Miss Manhattan Hangs Out...with Kaila Powell Frasco

When Kaila Powell Frasco tells me to meet her at Goldie’s in Greenpoint to play pool I imagine, for whatever reason, totally incorrectly, that it’s a dive bar. Rather, it’s a salute to delicious 1970s tack, with almost cartoonish painted portraits of icons like Dolly Parton, Sammy Davis, Jr., and Steve McQueen on the walls. Beaded fringe hangs from a canopy over the bar, a leopard sits primly in a spotlight for no reason, and the booths are red leather. “This place is so cool,” I text her when I arrive. She’s two blocks away. “I know,” she says.

Shortly she arrives, a white t-shirt with “here’s my cup of care...oh, look, it’s fucking empty” screened on its side. The shirt was too big, she says, so she ripped it, doubtlessly making it infinitely more interesting. She wears sparkly silver pants and black boots, her blonde hair and dark roots twisted into a towering mane, long black wings drawn around her eyes with silver stars underneath.

Kaila is a costume designer currently working on a number of Broadway shows, but her work as an independent artist and designer has also been worn by Lady Gaga. Originally she studied fashion, where she found her creative spirit constantly reined in. It wasn’t until she found costume design that she was able to fully express herself and she never looked back. Early on, she couldn’t afford to buy fabric, so would often make dresses of found materials, like old rolls of film, wine corks, and twigs. She also repurposes vintage band t-shirts and jackets into ripped and/or sparkly rockstar gear, forms headpieces from aluminum nails, lacquered money, and toy horses. Much of her work is inspired by her own dreams, she tells me as she sips a beer and waits for the pool table to open up.

Kaila got into pool after she injured her knee and was unable to work, coming to Goldie’s with friends for something to do. Her knee is much better now, and so is her pool game. Joining her tonight is Kristina, her friend since high school, who has never played. Kaila instructs, guiding Kristina’s gaze with a pool cue. They start by playing doubles and hold their breath when the other team aims their cues, hoping to keep the table. But they’re defeated, and retreat outside, soon to return.

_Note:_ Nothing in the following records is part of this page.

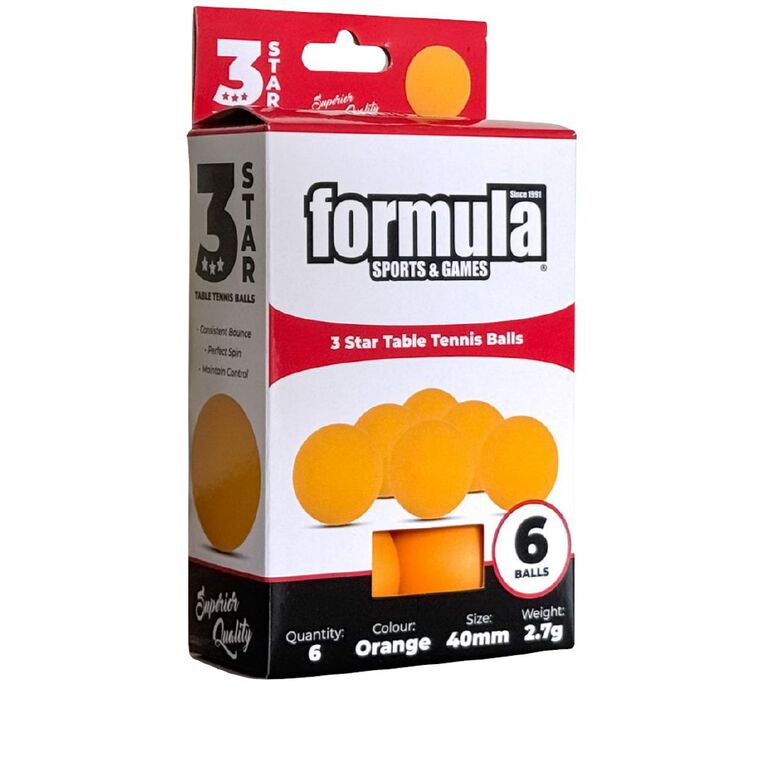 Formula Sports Table Tennis Balls 3 Star 6 Pack, , hi-res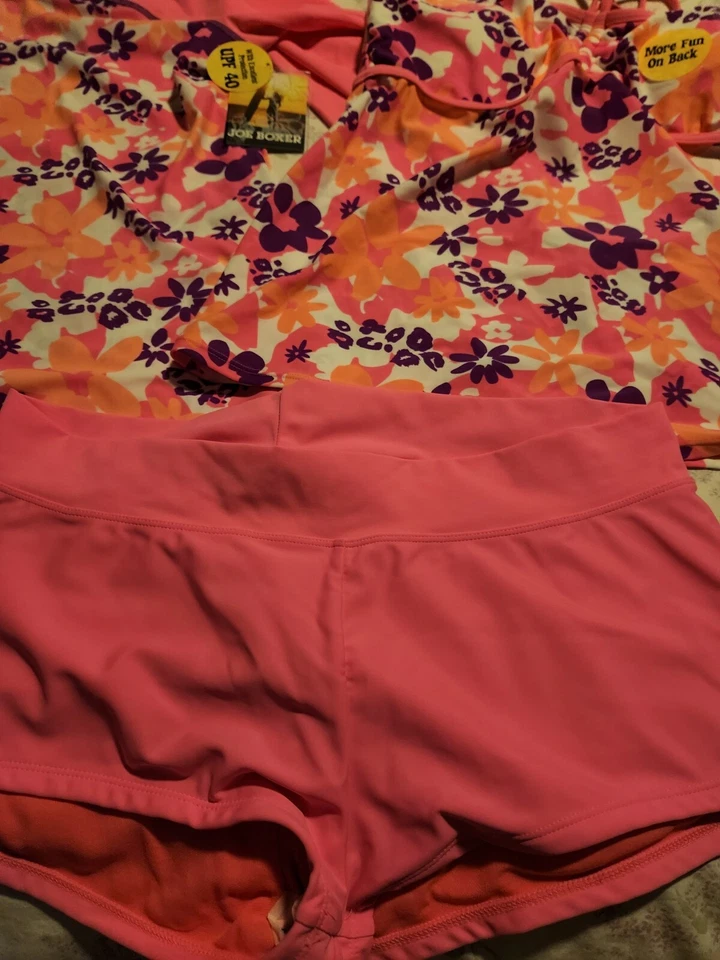 Conjunto de traje de baño Tankini floral rosa/púrpura Joe Boxer Juniors (3) nuevo con etiquetas talla XL Foto 3 de 4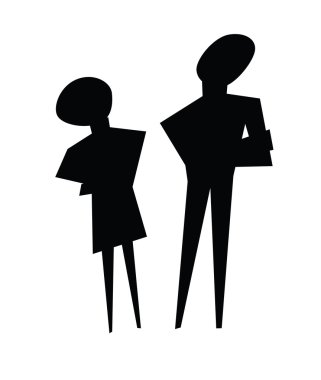 breakup, couple ignores each others clipart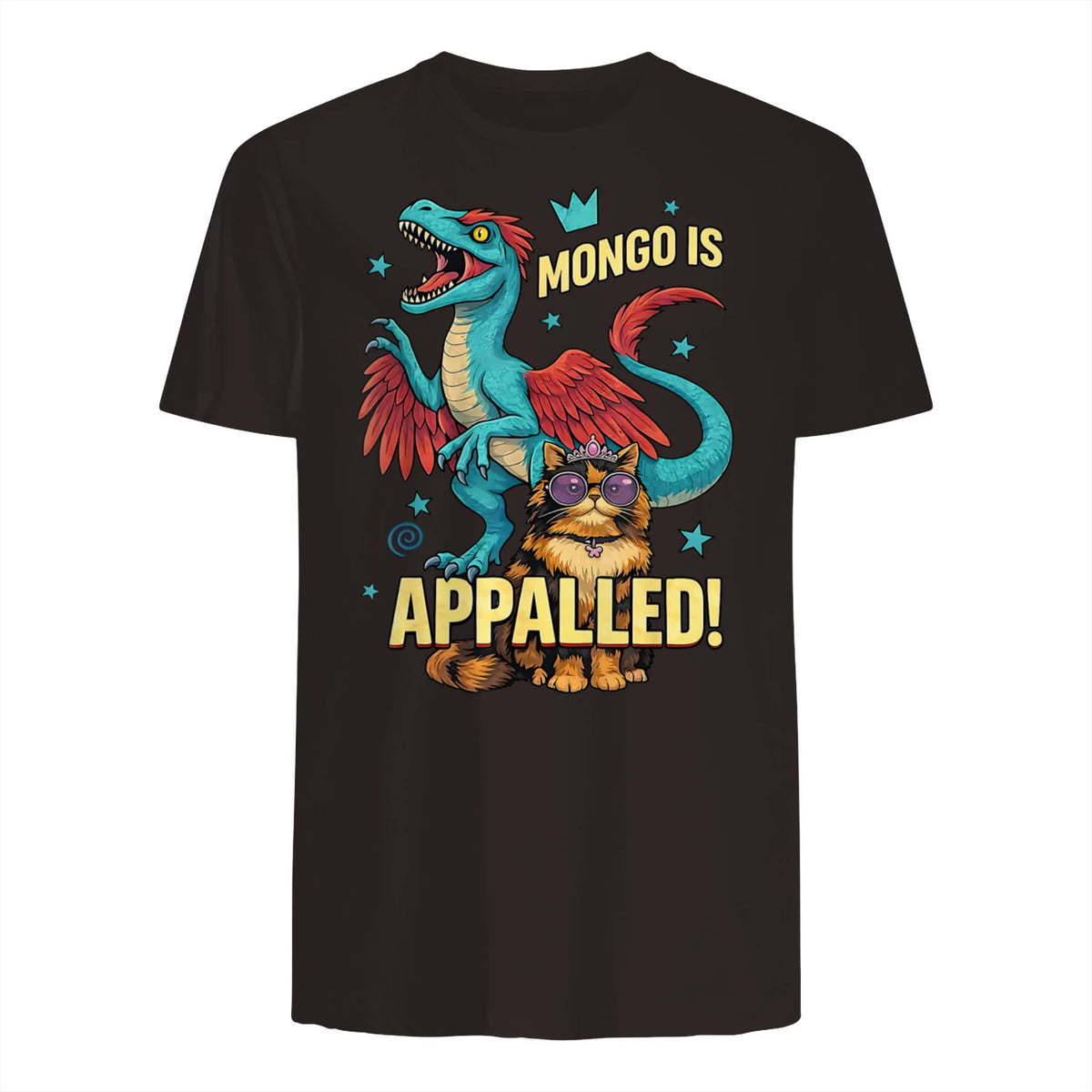 Retro Mongo is Appalled Princess Cat Riding Dinosaur Womens T-Shirt in Dark Chocolate - back view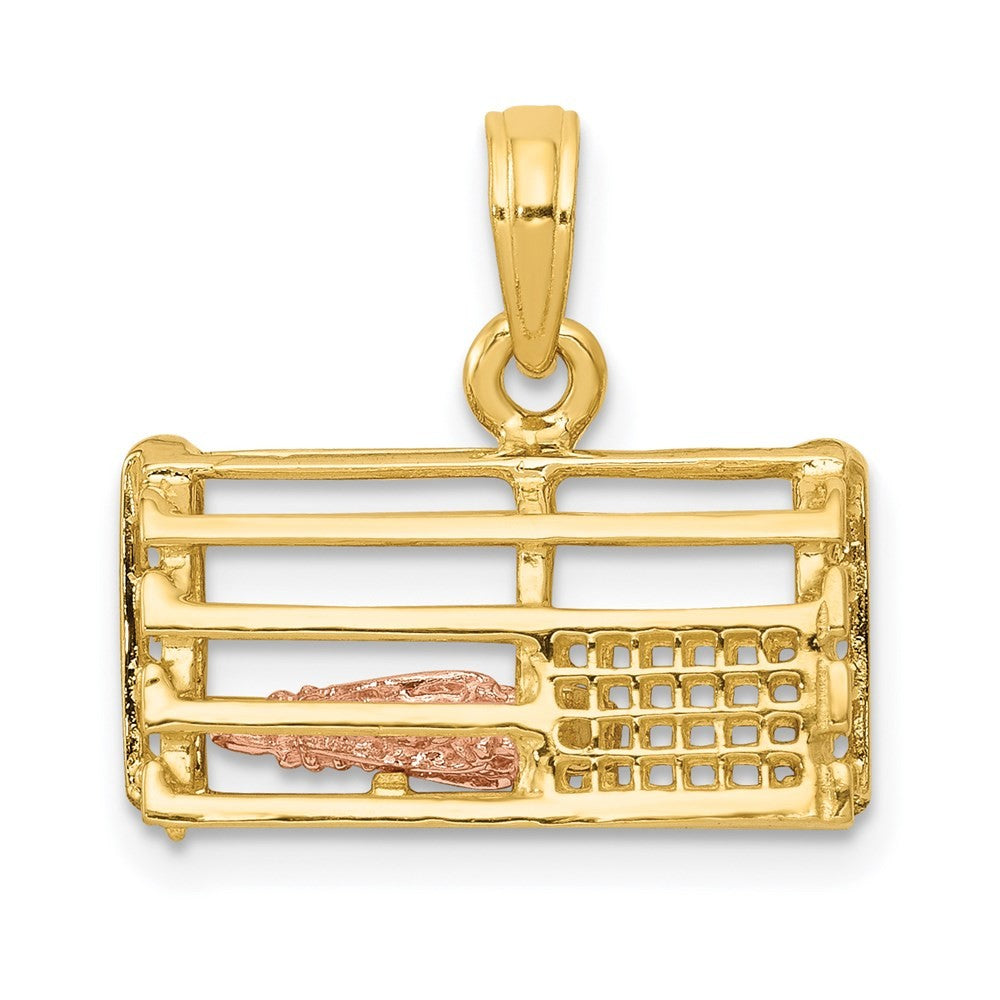 14K Two-tone Gold Polished 3-D Lobster Trap Pendant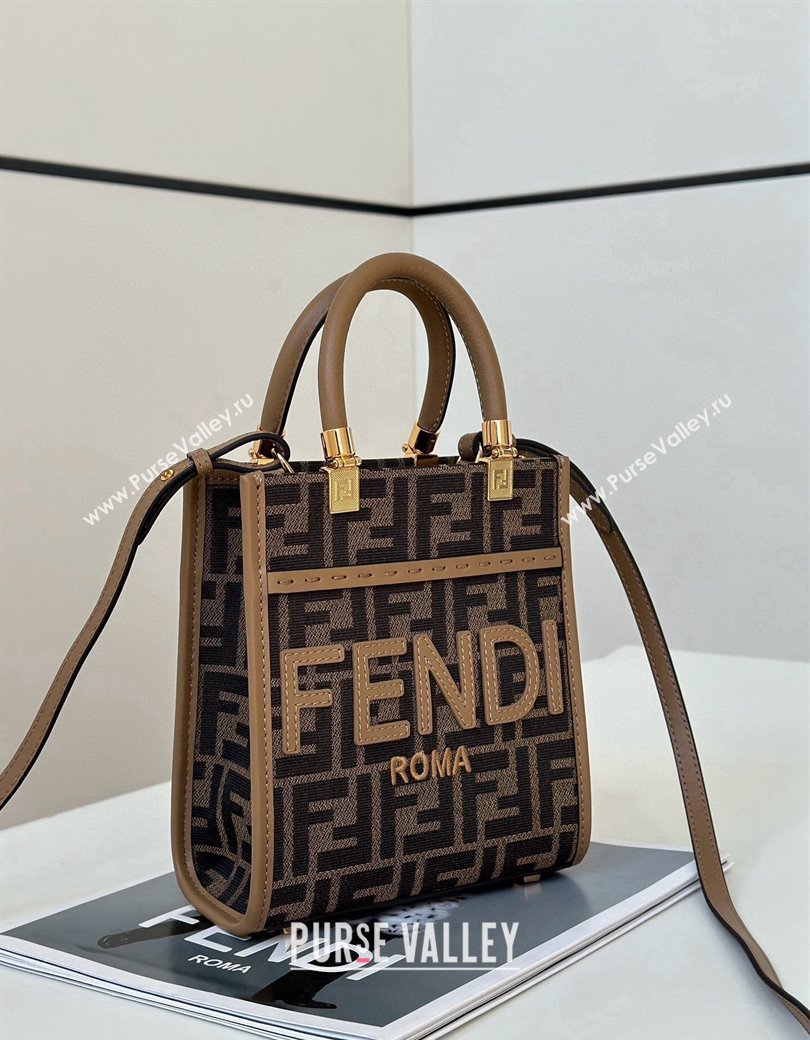 Fendi Mini Sunshine Shopper Tote Bag in Brown FF fabric 2024 8639S (CL-241213033)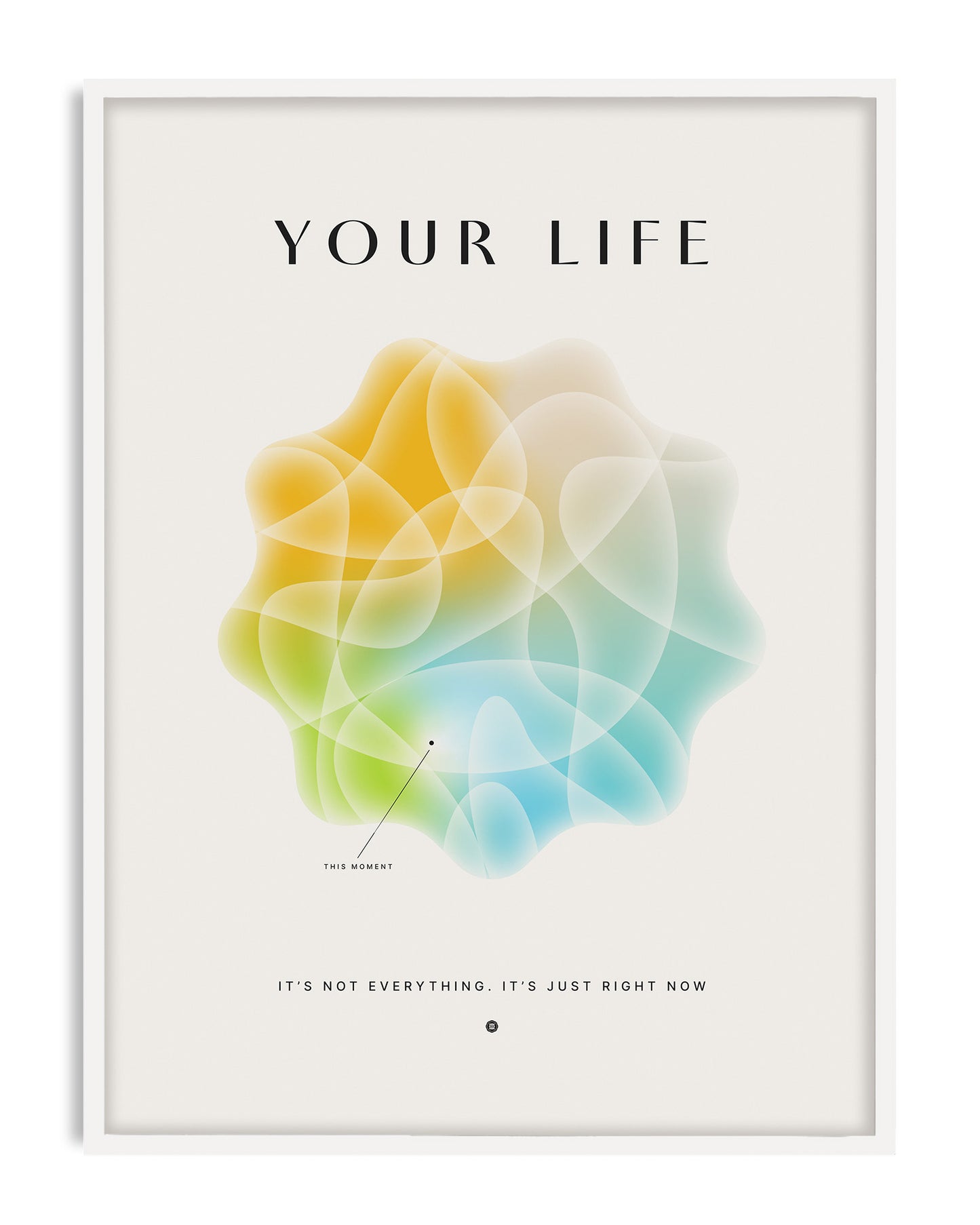 White-framed Your Life artwork with overlapping translucent yellow, green, and blue abstract forms.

Kaila shows me some of her tattoos, two of which are inspired by Fleetwood Mac (‘go your own way’ on her arm; ‘Mac,’ also the name of a beloved dog) and Prince (“all the critics love you in New York”), and one on her wrist that says “no fimage,” which for her means “no fear of image.” In her work, all of which is run through with a rock and roll spirit, she hopes to inspire people to be whoever they truly are. Just meeting her tonight, with her spirited laugh, warm hugs, and vibrant, expressive gestures, I can’t imagine she is ever anyone but herself.